An over indulgent and often confusing stab at film noir, The Black Dahlia leaves little to be desired as director Brian De Palma continues to prove that his best days are behind him.
Based on James Ellroy’s novel (which is based on the infamous unsolved murder), The Black Dahlia tells the story of 1940s police detectives Dwight ‘Bucky’ Bleichert (Josh Harnett) and Lee Blanchard (Aaron Eckhart), two former boxers turned detectives who work warrants by day while enjoying the lifestyle of their local celebrity at night.

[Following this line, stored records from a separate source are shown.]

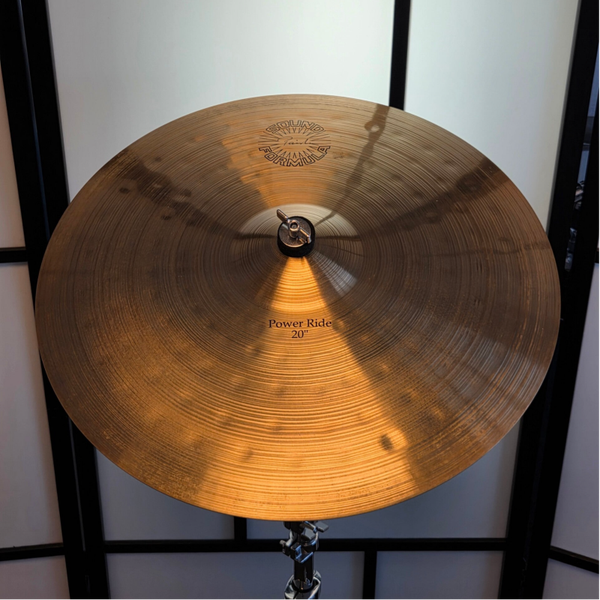 GERBUIKT Paiste Sound Formula power ride 20"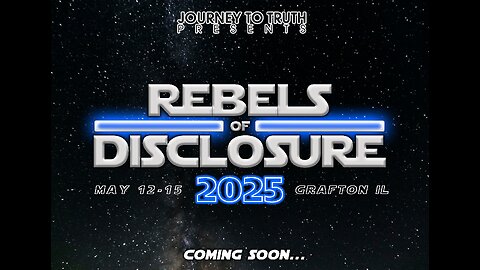 THAT'S A WRAP! Rebels of Disclosure Replay Now Available!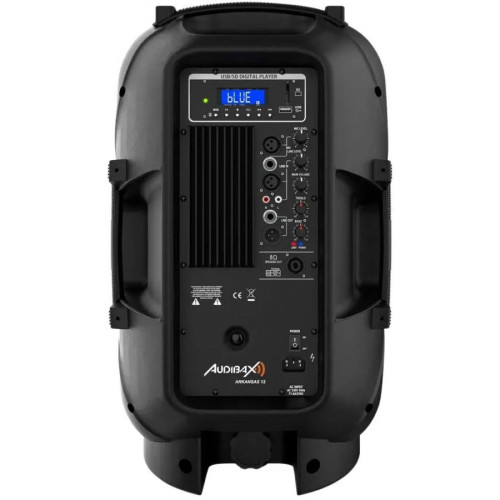 Audibax Arkansas 12 Altavoz Profesional Bluetooth 12 Usb, 600 Watios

When the dismembered body of aspiring actress Elizabeth Short (dubbed ‘The Black Dahlia’ by the press and played by Mia Kirshner) is discovered, Lee obsesses over the case using his connections to transfer himself and a reluctant Bucky to homicide so they can work on the murder full time. Investigating the seedy underworld of L.A. which the ‘Dahlia’ frequented, Bucky becomes involved with ‘Dahlia’ look alike Madeline Linscott (Hilary Swank), while Lee’s dirty past comes back to haunt him and his girlfriend Kay (Scarlett Johansson).
The Black Dahlia suffers from paper thin characters and distracting sub plots, which take away from the main reason many would have watched this film; the Black Dahlia murder, which is shoved aside so many times that by the end no one could give a damn about the victim or her killer.
Acting wise Harnett, Eckhart and especially Johansson are dreadful, delivering dreary dialogue (courtesy of writer Josh Friedman) while possessing none of the charm nor class that made these films so great. Only Hilary Swank survives smelling like roses, a spectacular feat when you are constantly surrounded by shit.
On the technical side the movie is almost flawless. Vilmos Zsigmond’s cinematography along with Jenny Beavans costume design and sets are magnificent. Yet there work is undone by Mark Isham’s overblown score and De Palma’s inept direction, his constantly wandering camera feeling more like a practical joke, an over the top form of artistic expression by a has been director whose last great film (Carlito’s Way) was released back in 1993.
A disappointing film that does not come close to fulfilling whatever potential it had. Ignore it like the plague.